Your instructions: Starting with the line that has "Lors d'une église" in the records below and stopping after the line that has "Une piscine d’un", output every line exactly and nothing else; skip pictures.

Excerpted records:

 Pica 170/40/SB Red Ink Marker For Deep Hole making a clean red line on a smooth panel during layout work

--

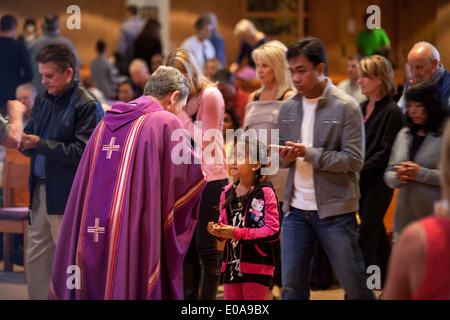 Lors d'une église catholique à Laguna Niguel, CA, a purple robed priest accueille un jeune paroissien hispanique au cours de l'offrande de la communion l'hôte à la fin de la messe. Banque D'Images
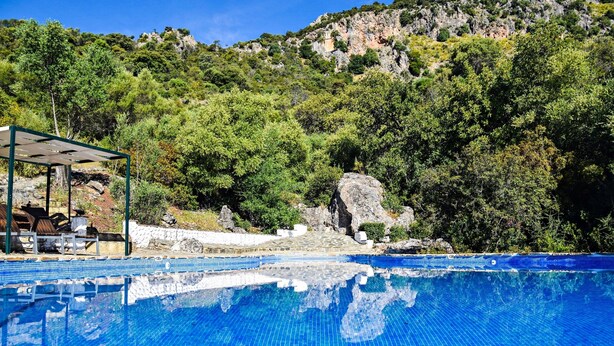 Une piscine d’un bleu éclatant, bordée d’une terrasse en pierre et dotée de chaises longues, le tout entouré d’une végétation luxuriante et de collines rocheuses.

--

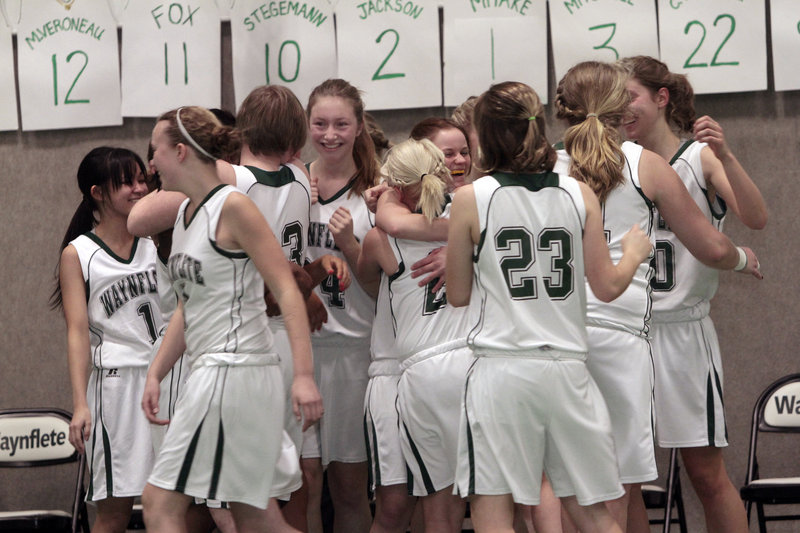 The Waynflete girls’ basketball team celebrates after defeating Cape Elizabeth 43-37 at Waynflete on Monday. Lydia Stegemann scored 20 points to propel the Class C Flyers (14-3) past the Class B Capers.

Solution:
 Lors d'une église catholique à Laguna Niguel, CA, a purple robed priest accueille un jeune paroissien hispanique au cours de l'offrande de la communion l'hôte à la fin de la messe. Banque D'Images
 Une piscine d’un bleu éclatant, bordée d’une terrasse en pierre et dotée de chaises longues, le tout entouré d’une végétation luxuriante et de collines rocheuses.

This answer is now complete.